Quantum Motion’s aim is to build its devices into equipment housed in the standard 19-inch racks used in telecoms operators, data centres and IT departments.
These racks are now 100 years old: AT&T developed the standard in 1922, and detailed it in the Bell System Technical Journal in July 1923. The company’s lab is a few metres from its front door, just off the Caledonian Road in Islington, London.
During my visit, Morton and his colleagues showed me the Tardis-like cylindrical construction of bright, ultra-pure copper that houses the company’s technology: an assembly in a giant stainless-steel vacuum flask, made by Bluefors of Finland, kept at very low temperatures.
“Up here,” says Morton, pointing to the top of the unit, “it is about the temperature of Neptune. There, in the middle, is the temperature of outer space.”
He explains that Neptune’s temperature is around −223°C: that’s 50 kelvin. The kelvin scale starts at absolute zero: –273.15°C. The temperature of outer space is slightly warmer: –270.45°C, or 2.7 kelvin.
Morton then points to a number of copper-coloured cylinders, called pucks, attached to the bottom of the unit.
“Down here, the temperature is 10 millikelvin,” he says. It is at that temperature, just 0.01°C above absolute zero, where the quantum effect occurs, keeping individual electrons in one of two quantum states – spin up and spin down – for nine seconds.

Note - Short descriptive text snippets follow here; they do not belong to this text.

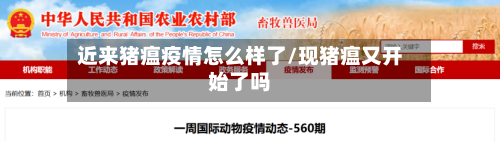 近来猪瘟疫情怎么样了/现猪瘟又开始了吗-第2张图片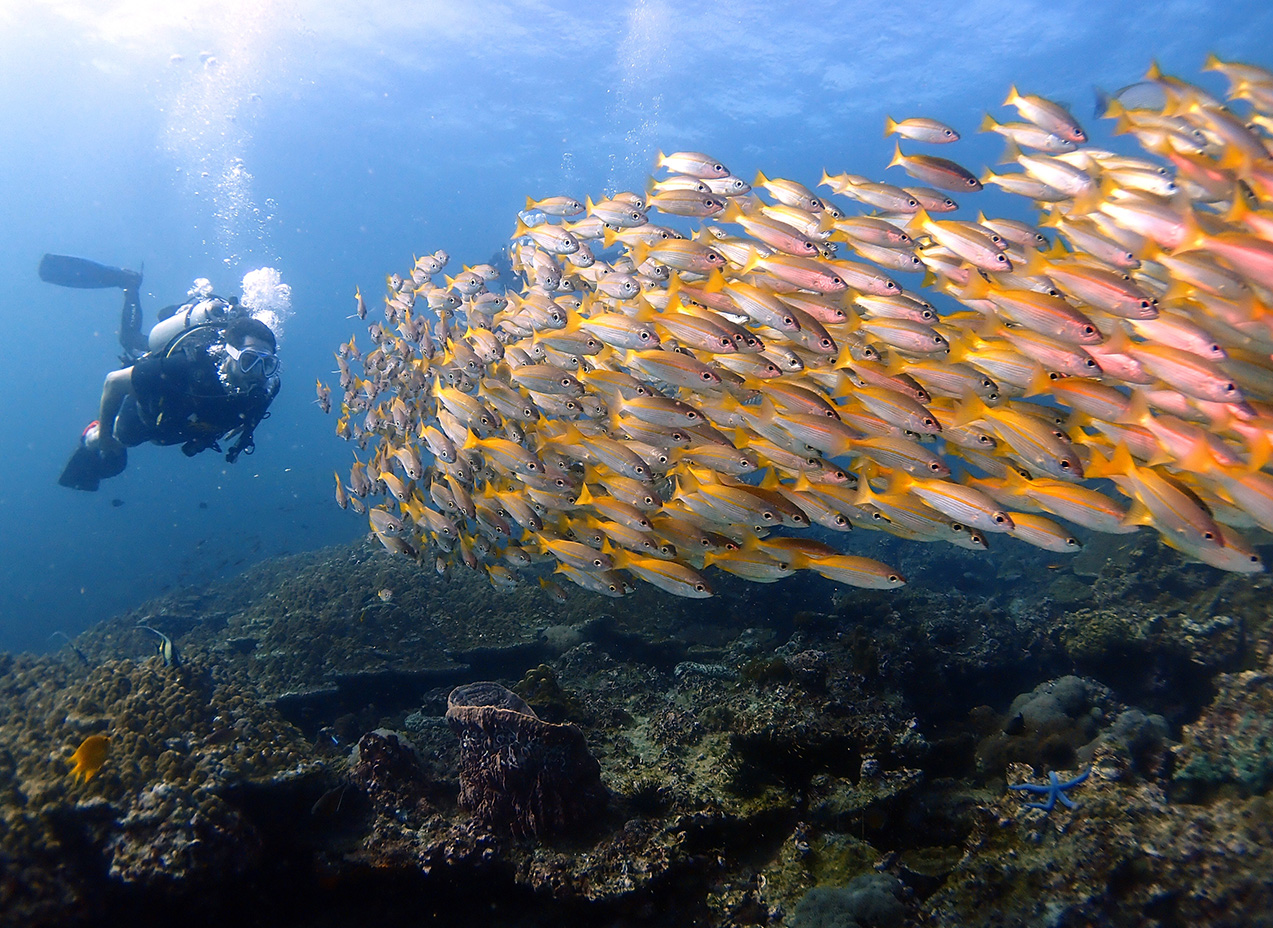 ピピ島 半日ダイビングコース（PADI 5スターIDC提供）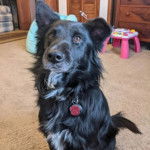 Un Ski-Border au pelage bicolore, assis sur une moquette et portant un collier autour du cou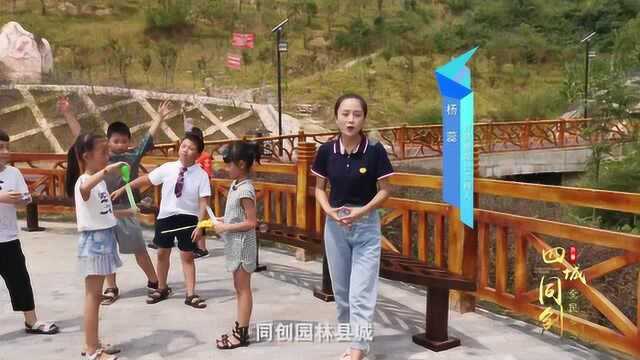 八台山景区新增玻璃滑漂旅游项目将于国庆对外开放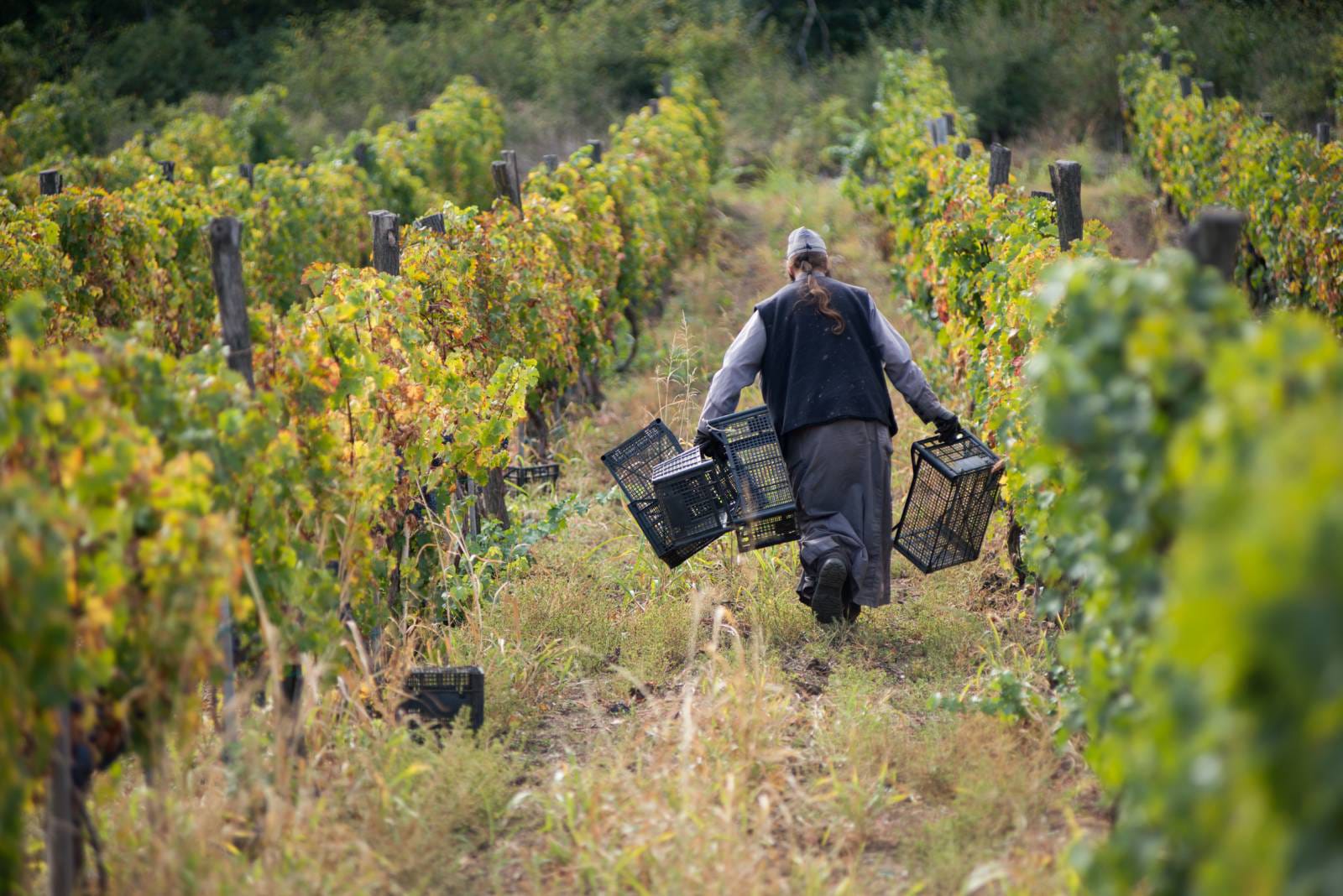 Monastero di Bukovo © Sead Šašivarević for USAID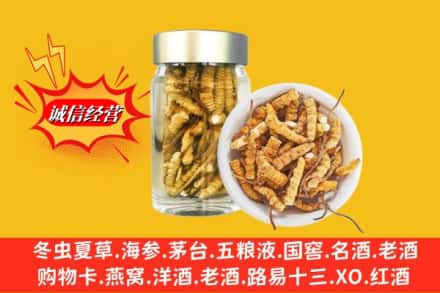 双阳区回收散虫草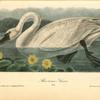 American Swan, Male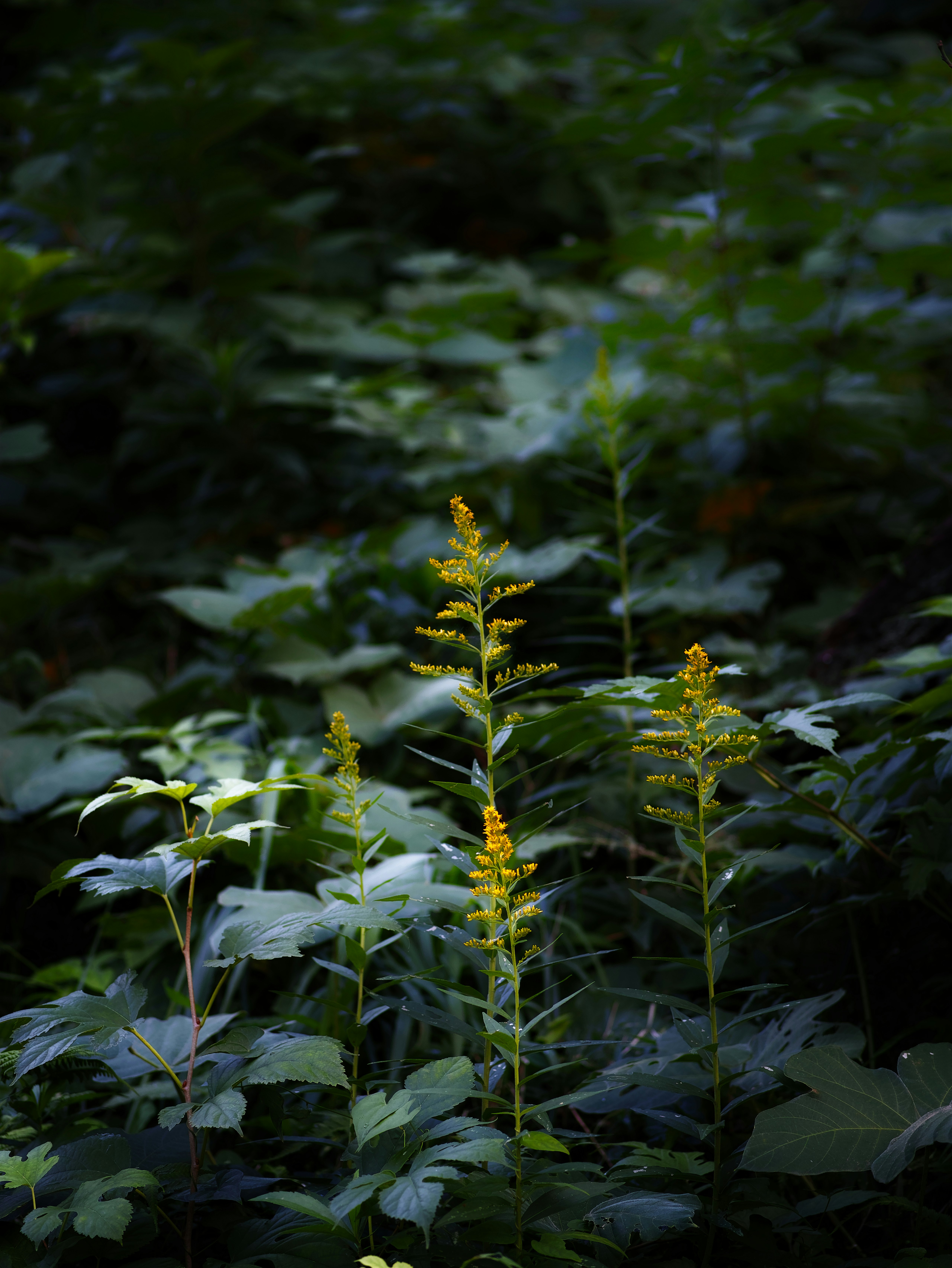 森の落ち葉の間で揺れる小さな花と植物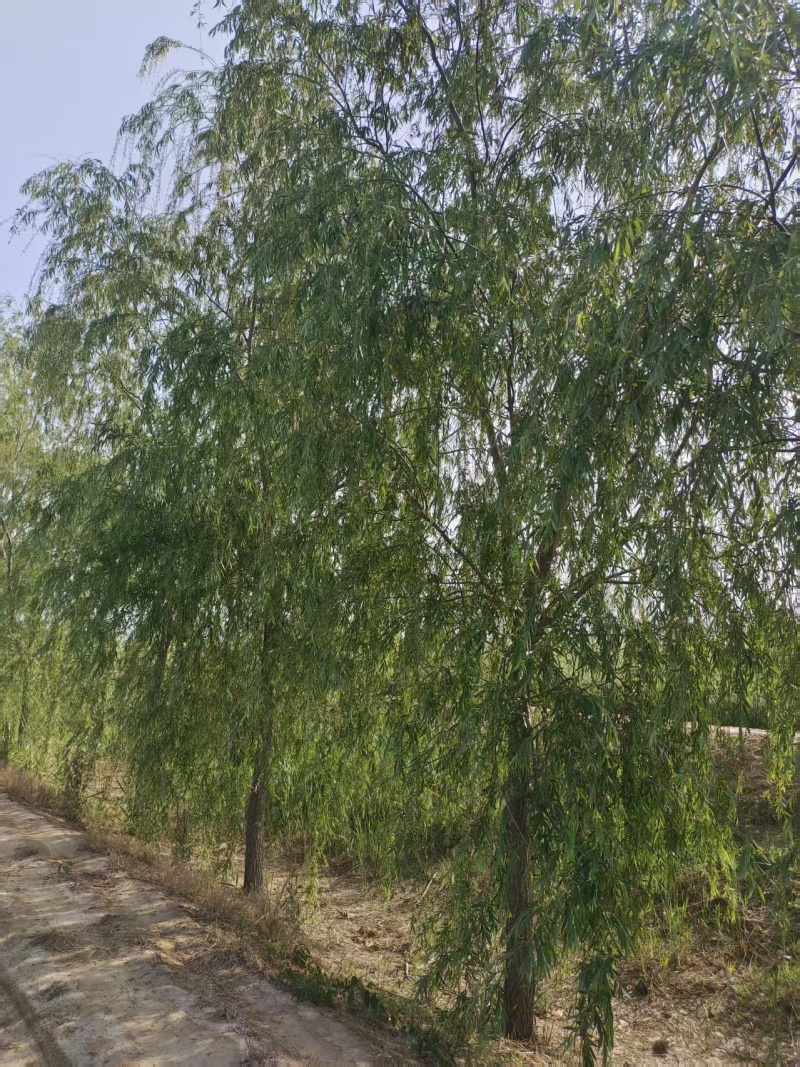10-20-30垂柳大量供应！大量现货！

“Qubits are [determined by] the spin of the electron,” says Morton. “Those nine seconds indicates the device is very stable. It’s much longer in silicon than in other materials. We’re developing a fault-tolerant universal quantum computer.”
Quantum secured
The importance of quantum computing to security industries is demonstrated by US pioneer ColdQuanta hiring two former members of the intelligence community. (Or at least two that we know about.)
Last year, Laura Thomas, a former CIA case officer who was the agency’s chief of base in Afghanistan, became ColdQuanta’s vice-president of corporate strategy.
This year, computer scientist Dawn Meyerriecks became an independent director and board member of ColdQuanta. Before taking on that role, she spent eight years at the CIA, leaving as its deputy director for science and technology in 2021, and for the previous four years she was an assistant director for acquisition, technology and facilities, working under two Directors of National Intelligence. The DNI leads the US Intelligence Community, a coalition of 18 US national security organisations.
Of Meyerriecks, Thomas said: “In addition to her national security and commercial market insights, Dawn is the type of leader who focuses on the people behind the product. We’re fortunate to have her on the journey with us as we scale up not only our quantum technology, but also the people and organisation behind it.” The CIA, and other members of the intelligence community, are taking quantum seriously.